They are from a generation who loves their shed, not their computer. They learned their tactile skills 40 or 50 years ago from their father, an uncle, a kindly neighbour or during an apprenticeship when such things were more than cheap labour; not via online learning software thrust down a network pipe in the name of corporate education.

I wonder whether my generation or the ones following it will be able to sustain a show like The Inventors. I doubt it. The next generations are, and will be, different. Technology will have been a fundamental influence. The lack of need to use their memory for phone numbers, birthdays, PINs and so on does not enter their head. These are the individuals of the so-called New Economic Order.

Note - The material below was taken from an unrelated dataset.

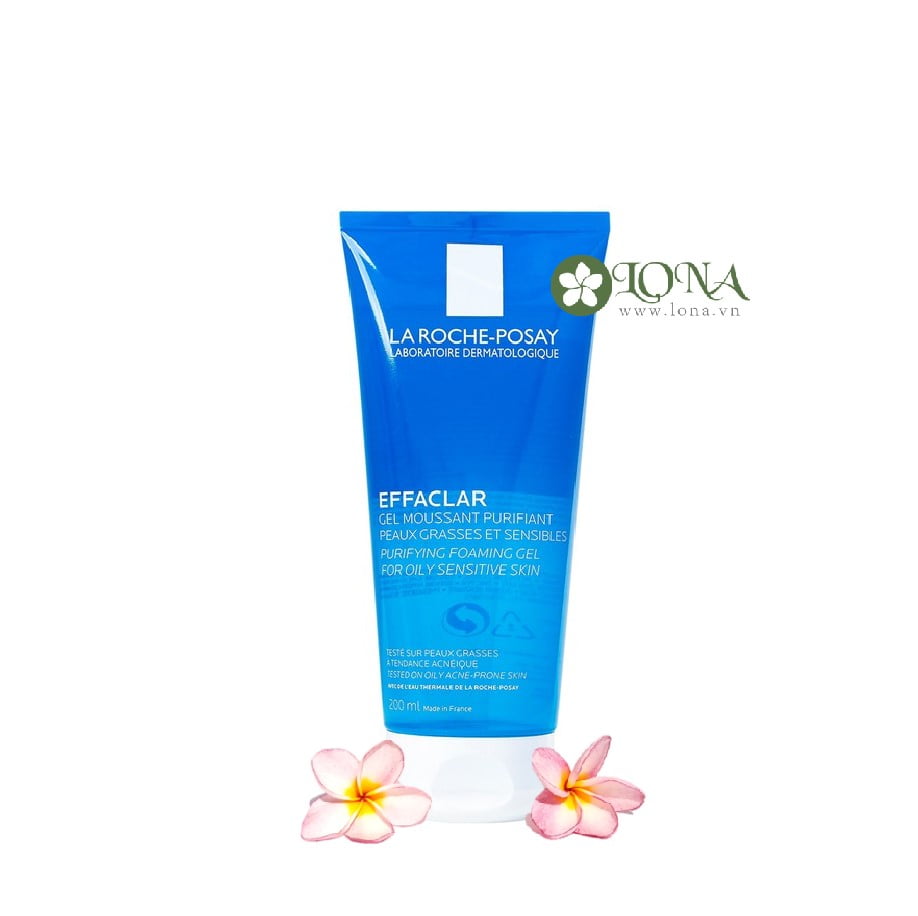 Gel rửa mặt La Roche Posay Effaclar Purifying Foaming Gel For Oily Sensitive Skin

A lot of them do not even care to know the time of day. If you wander through a university campus, you might notice an amazing number of students don't wear watches. At home, my eldest son cannot be persuaded to keep his Swatch Watch birthday present on his wrist for more than a couple of hours.

If you come across young, bright knowledge workers - especially those in youthful media and advertising companies, it is very possible they have rejected the normal executive adornment of an expensive Swiss watch advertised by a racing driver. The reason is simple: they don't care what the time is. They are more concerned with what they are doing with their time right now, not how fast it is ticking by. An interesting philosophy.

They also do not care to remember mindless facts and figures that can be stored on a mobile phone. And when Google can find you the finest stanzas of Wordsworth or the wonderful prose of TS Eliot in 0.07 seconds, who needs to commit them to memory?

Closer to home in your IT department, the same trends are emerging. In the coming five years, the need to remember how to code will diminish, too. Business process modelling tools will do to programming what HotDog (remember them?) and Microsoft's FrontPage did to hard HTML coding in the mid-90s.

Emerging process modelling tools in the hands of business leaders will do more to align business and IT objectives by 2010 than the evolution of IT specialists' business competence over the same period. Inevitably, the skills of coding will diminish as these new tools create yet another point-and-click environment.

Could it be that eventually these skills will be gone and forgotten? I see no reason why not. But the nature of humanity is to cast aside the old and embrace the new.

Perhaps it is more important to focus on what we will remember in the future than what we have forgotten from our past. That's pretty deep for the last sentence of an IT magazine - remember, you read it here!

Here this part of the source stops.